La adaucta, convencida de que la hacemos objeto de una burla injuriosa, mira a Deledda pidiéndole explicaciones.

La aparición del doctor Castelbruno suspende las sorboneada y sume a la intrusa en nuevos sobresaltos, en nuevas sospechas de que le estarnos tomando el pelo. Castelbruno la abraza como para estrangularla, le propina besos que parecen mordiscos, le hace sentir sus zarpazos. Son modales de Castelbruno, de los que nadie se salva.

Le dice a Pepe Sorbello:

—Te traje un argentinismo.

Pepe bate palmas:

—¿Sí? ¿Cuál?

—Acabo de oírselo a un paciente. Lurpia.

—Qué hermosa palabra. Lurpia. ¿Y qué significa?

—Mala mujer, hija de puta, bruja.

La adaucta ya no mira a Deledda para pedirle explicaciones. Ha cortado todo trato hasta con la dueña de casa que con toda mala intención la invitó a este aquelarre. Encapsulada en su disgusto, se dedica a contemplar las paredes.

Deledda sonríe. Está más hermosa que nunca con su peplo griego y una vincha de terciopelo que le atraviesa la frente y le Sostiene los bandós. No tengo la menor idea de cómo era Ana de Noailles, pero se me ocurre que Deledda se parece a Ana de NoaiIles. Maluganis le dice «ma belle Cleó», por Cleo de Mérode. Deledda, halagada. Es tan hermosa que es imposible que no piensen: cómo pudo enamorarse de Quasimodo.

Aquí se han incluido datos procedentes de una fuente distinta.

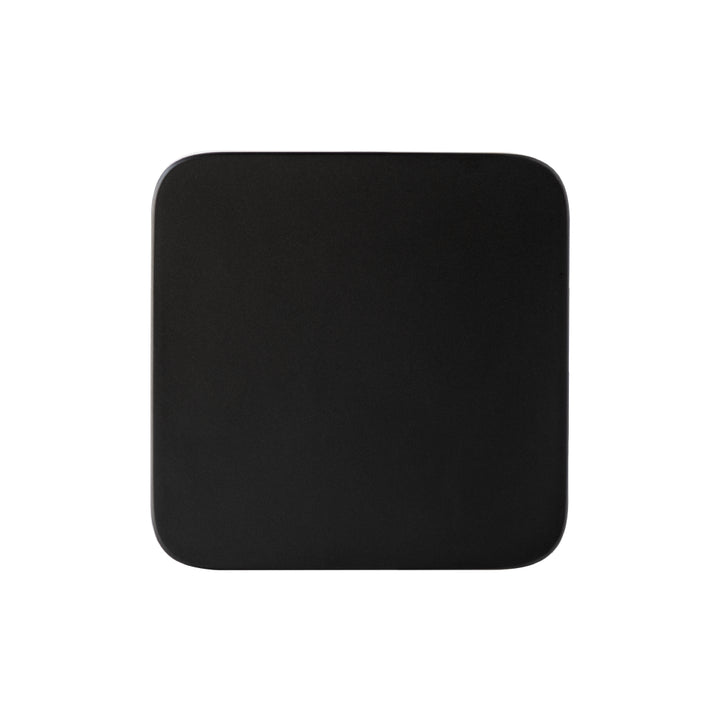 Acaia Umbra (Display Free)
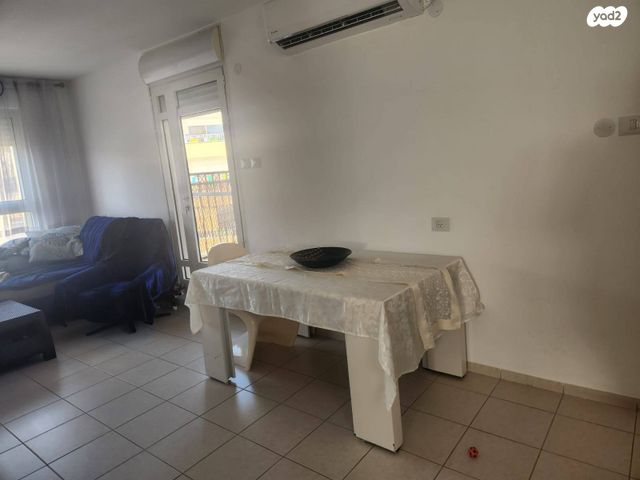 גג/ פנטהאוז, קרית רבין, מגדל העמק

Como el Trigorin de Chejov, Sorbello siempre lleva consigo una libretita donde anota el argentinismo que acaba de regalarle Castelbruno.

—Voy a averiguar el origen de lurpia —dice.

Ya lo averigüé yo. Busqué en el diccionario y estaba. Es un localismo de Orense.

—¿Y significa mala mujer?

—No. Significa vulva.

Pero Castelbruno no ha dicho vulva sino la espantosa palabrota que, para colmo con su vozarrón, golpea en los oídos de la señorita distraída en mirar las paredes. La señorita pide un segundo vaso de agua.

A las once Verena anuncia que podemos pasar al comedor grande. Es un refectorio de doce metros de largo por seis de ancho, con las paredes forradas de madera oscura, una araña de cristal de Venecia y muebles estilo Primer Imperio tirando más a Egipto que a Pompeya. La cena transcurre al resplandor de dos grandes candelabros. La cámara de Nefertitis yace en una penumbra en cuyo centro flota, suspendida del vacío, iluminada por los dos candelabros, la gran balsa resplandeciente de platería, de cristalería, de porcelanas y de encajes. Jamás una flor. Las flores, dice Deledda, son para los muertos, sólo deben ser cortadas para los muertos. Los vivos no tienen derecho de arrancarlas de las plantas y de encerrarlas en un florero. Si algún despistado le trae un ramo de flores, el ramo desaparece en manos de Verena y al día siguiente Deledda lo depositará en la bóveda de la familia, en la Recoleta.